Rachel Weisz co-stars as the scientist on the run with Cross from assorted bureaucratic baddies and Tony Gilroy, who wrote the original Bourne films, directs this latest installment.

Reviewers complained that the new film was nothing more than a tired rehash of its paranoiac predecessors.

In particular, TheWrap's Alonso Duralde said "The Bourne Legacy" suffered from "franchise fatigue" and had too many scenes of cumbersome exposition.

Also read: 'The Bourne Legacy' Beware: What Happens When a New Actor Takes on a Popular Franchise

"If nothing else, 'The Bourne Legacy' is an object lesson about what the phrase 'cut to the chase' means," Duralde writes.

"The ultimate legacy of 'The Bourne Legacy' is that a lot of very talented actors (including Donna Murphy, Corey Stoll, Stacy Keach and Zeljko Ivanek) will now be able to afford to do Ibsen in the Park next summer, thanks to the fat Hollywood check they picked up for a movie that asks little of them but to point at screens and bark out some version of 'arglebargle-science-jargon-bring-him-in!,'" he added.

Also left cold by the frenetic action unfolding on screen was Time Magazine's Richard Corliss, who said the new film was more about trying to wring the franchise for more profits than it was an attempt to explore fresh narrative angles.

Corliss also faulted Renner, complaining that the actor was ill-suited to the big-budget action roles he has favored of late.

"Renner’s anonymity worked splendidly in The Hurt Locker," Corliss writes. "Since then, in standard-issue action fare like The Avengers and the fourth Mission: Impossible, he has looked uncomfortable, trying to Act when the other performers, more used to the camera’s rapt gaze, know how to simulate having a good time. Now, a star without star quality, Renner plays it a little too nice as the junked-up renegade spy."

Also read: 'The Bourne Legacy' Review: No, Seriously, Cut to the Chase

Adding his voice to the collection of naysayers was Roger Ebert. The Chicago Sun-Times' critical kingpin said that the film adds up to a series of incoherent chase sequences that left him checking his watch.

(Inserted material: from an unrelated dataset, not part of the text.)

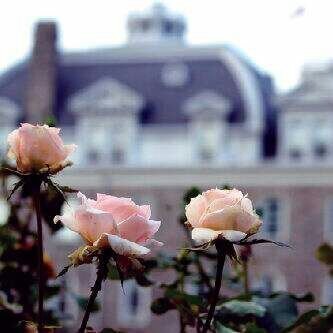 @i_pero ايمي تحبك.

"I freely confess that for at least the first 30 minutes I had no clear idea of why anything was happening," Ebert writes. "The dialogue is concise, the cinematography is arresting and the plot is a murky muddle."

The Hollywood Reporter's Todd McCarthy was more balanced in his appraisal of "The Bourne Legacy." Though he ultimately found it to be unfulfilling, he maintained that it had its virtues.

"With Jeremy Renner stepping in to play another covert operative and franchise screenwriter Tony Gilroy taking over the directorial reins from Paul Greengrass, the same tone and look are maintained, but the visceral excitement is muffled by familiarity, an insufficiently conceived lead character and the sheer weight of backstory and multiple layers of deception," McCarthy writes.

Far more appreciative of the cacophonous action sequences and herky-jerky plot was The New York Times' Manohla Dargis, who praised the chase scenes and labeled the reboot a "solid salvage mission."

"Yet Mr. Gilroy, perhaps impatient to establish his own Bourne legacy, doesn’t work off the franchise’s foundation for long, instead veering off to juggle his many new faces and places," Dargis writes. "By the time Rachel Weisz, as a scientist called Dr. Marta Shearing, showed up in a lab coat, I stopped trying to parse every plot twist and just went with the action flow."